Es en esa situación (inmóvil desde décadas atrás) cuando Dorothea y su prima inglesa Mary más o menos improvisan en el aeropuerto de Londres una especie de intercambio temporal de vidas: una se irá con sus tíos a Argentina, y la otra se quedará unos meses en Inglaterra cuidando mascotas (y plantas, y casas, y maridos…) durante la ausencia de sus dueñas. Y es en ese punto donde comienza una novela buenísima, con la que Mariana Sández (Buenos Aires, 1973) confirma todo lo ya desplegado en Una casa llena de gente. Más breve e incluso ligera que aquella, pero igual de rica, La vida en miniatura está contada por las dos primas: por un lado, seguimos a Dorothea en su curiosa peripecia británica, de casa en casa, de pet en pet, y mientras nos cuenta la modesta aventura en primera persona, va recordando la larga y extrañísima amistad que tuvo con Ricardo Grau, un hombre apocado, ambiguo y lleno de misterios. En contrapunto (y con mucho más laconismo), Mary va dando noticia de la situación en Argentina, contando el presente de los padres, su desconcierto ante la ausencia de su imprescindible Dorothea y la inquietud ante el posible regreso de Enrique, la oveja descarriada…
Con tono de comedia reflexiva, de melodrama pudoroso, de gran novela clásica, pero con algún oportuno guiño al absurdo, Sández ha sabido construir una historia redonda, irónica, sabia, donde las reflexiones laterales sobre arte apuntan hacia una búsqueda de trascendencia que se acentúa en el desenlace, inesperado pero nada brusco (al contrario: lo que sucede sobresalta tanto como la suavidad admirable con la que se cuenta). Algunas de las subtramas del relato han ido adelantándose o insinuándose antes de que se expliquen por completo (el trabajo del hermano, el secreto de Ricardo…), pero lo que domina es una sorpresa muy bien organizada, un arrebato muy bien contado, aparte de un perfecto uso de los tiempos y un verdadero virtuosismo al administrar las diferentes informaciones.

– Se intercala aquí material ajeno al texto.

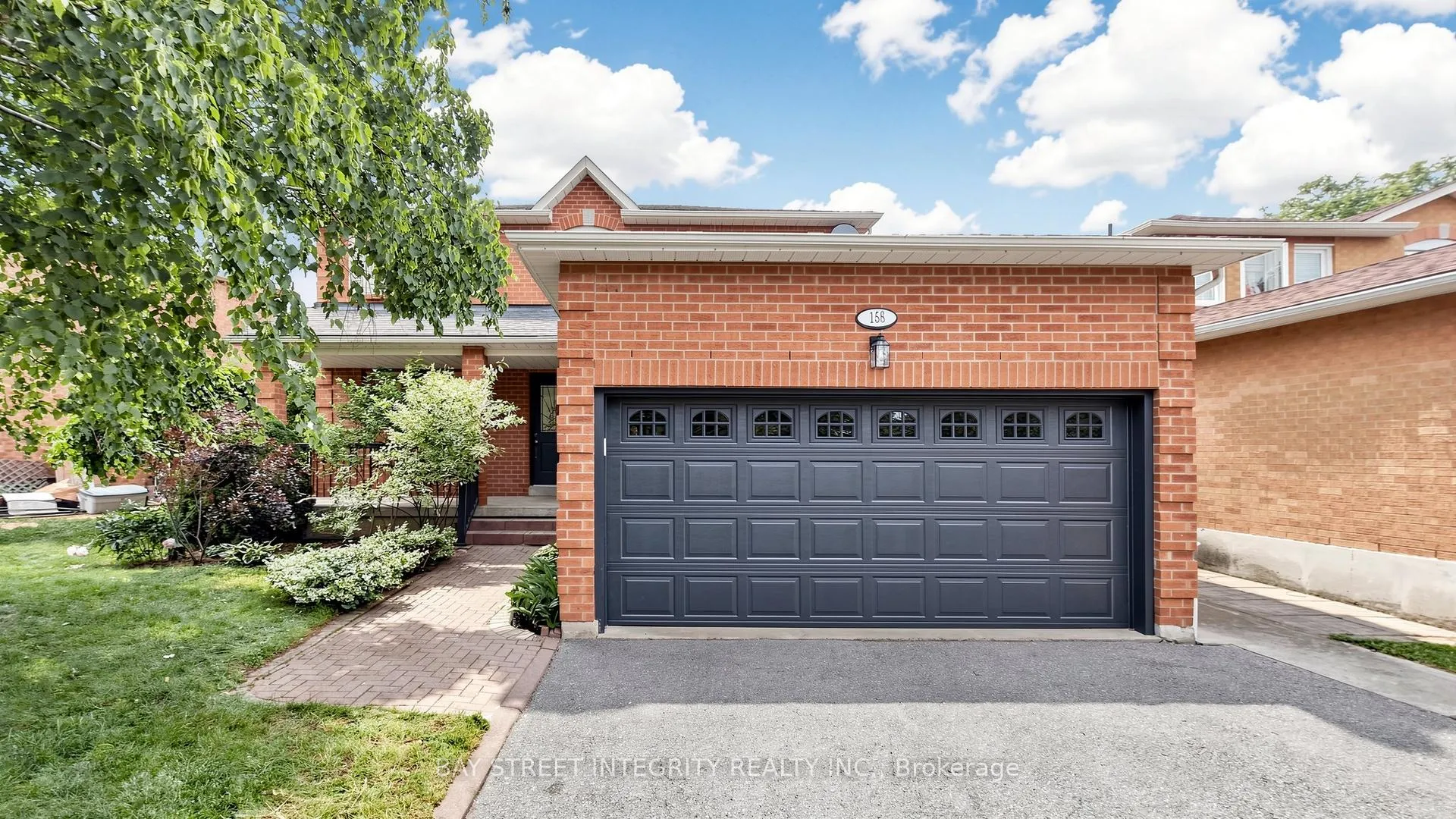 Photo 2 of 158 Largo Crescent, Vaughan, Maple — HOMEH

Cualquiera que ande informado sobre la complicada relación que hay entre Argentina e Inglaterra encontrará en el eje espacial de la novela una primera pista, por un lado, sobre su serena ironía, su diversión secreta, pero también, por otro, un aviso de que se trata de una novela de conflictos, justo en el momento en el que Dorothea decide escapar de ellos, rebelarse contra «la obligación de ser normal» y merecer una temporada de calma sin sacrificios: «¿Por qué no logro dejar de darle tantas vueltas a todo? ¿Seguir instintos naturales, como los demás, sin prejuzgar, juzgar y rejuzgarme? Quiero paz de mí, paz de mí para mí».

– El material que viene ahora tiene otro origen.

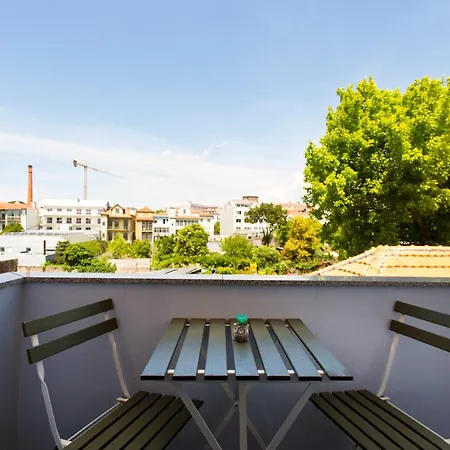 Bed & Breakfast 100 Contos Oporto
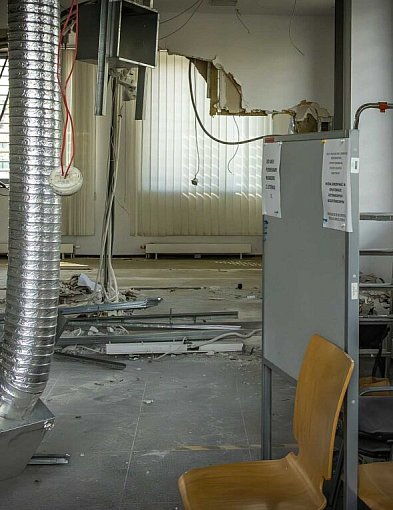 Demolka w urzędzie dzielnicy. Wrócą biurka na godziny
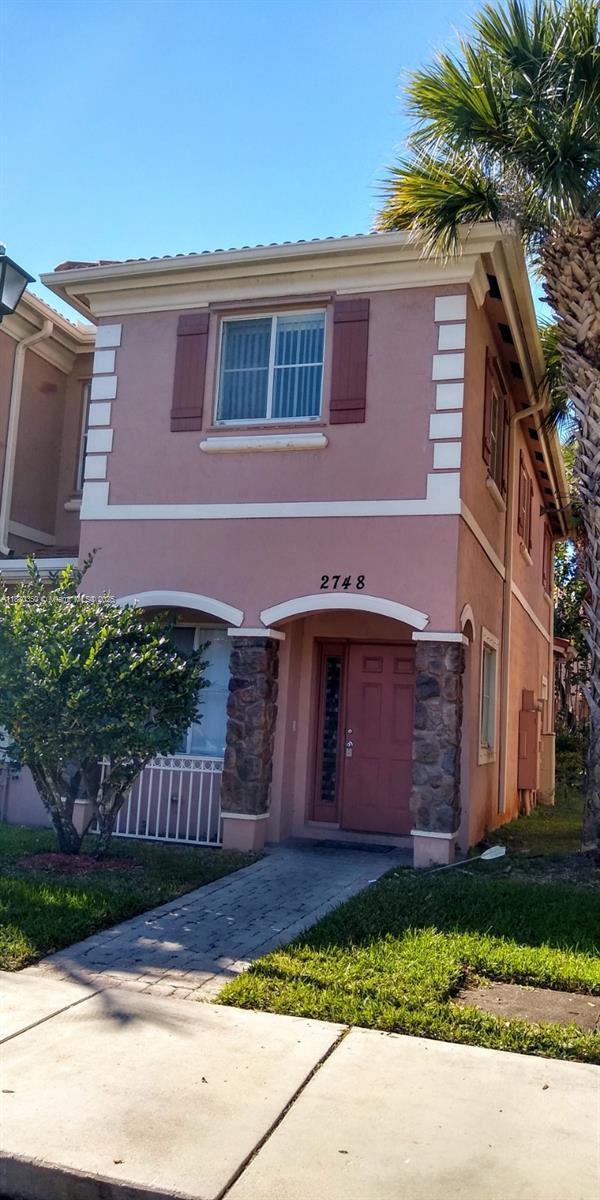 Building Photo - 2748 SW 83rd Ave Rental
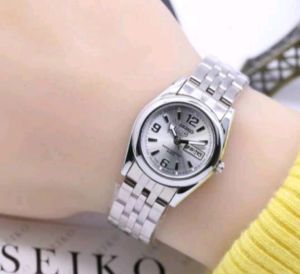 BISA BAYAR DITEMPAT Jam tangan wanita diameter 3cm tangga hari akrif rantai stainless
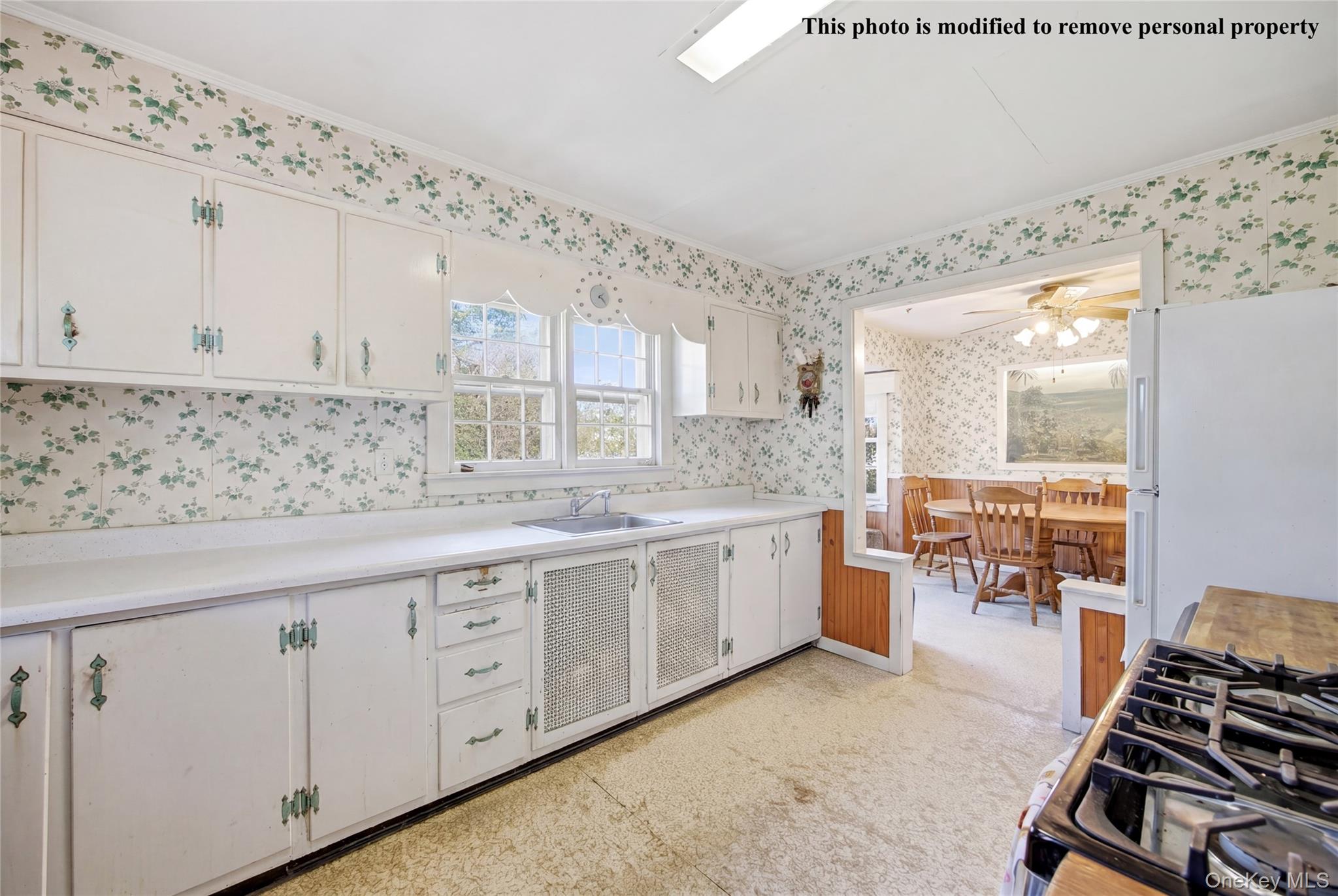 29 Lamport Avenue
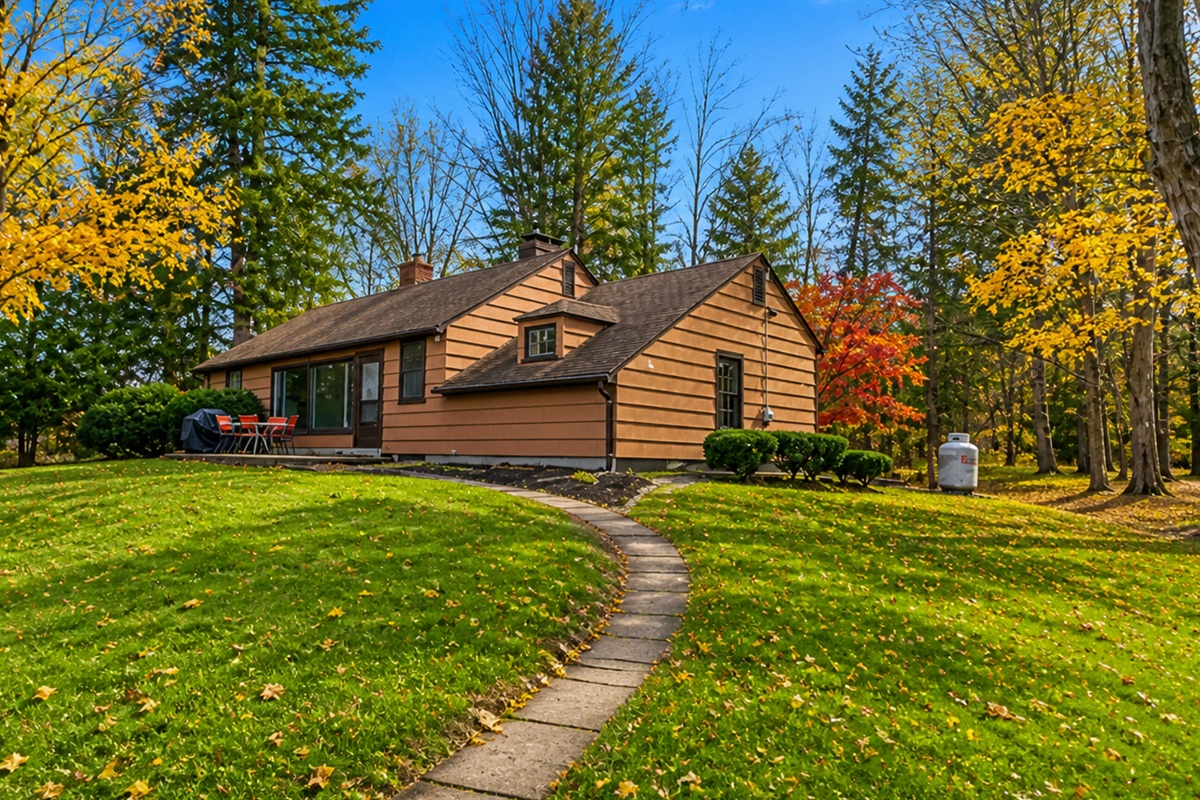 Secondary 2 bedroom home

La vida en miniatura contiene también un homenaje entre líneas a la mejor narrativa inglesa (ese párroco, Mackenzie, es como una actualización de los de las Brontë…) y ocurre, en fin, que con esta novela magnífica nos da Mariana Sández la primera gran alegría, Landero aparte, de un 2024 que, si nos ponemos serios y sinceros, no ha empezado especialmente bien en lo que respecta a lo narrativo.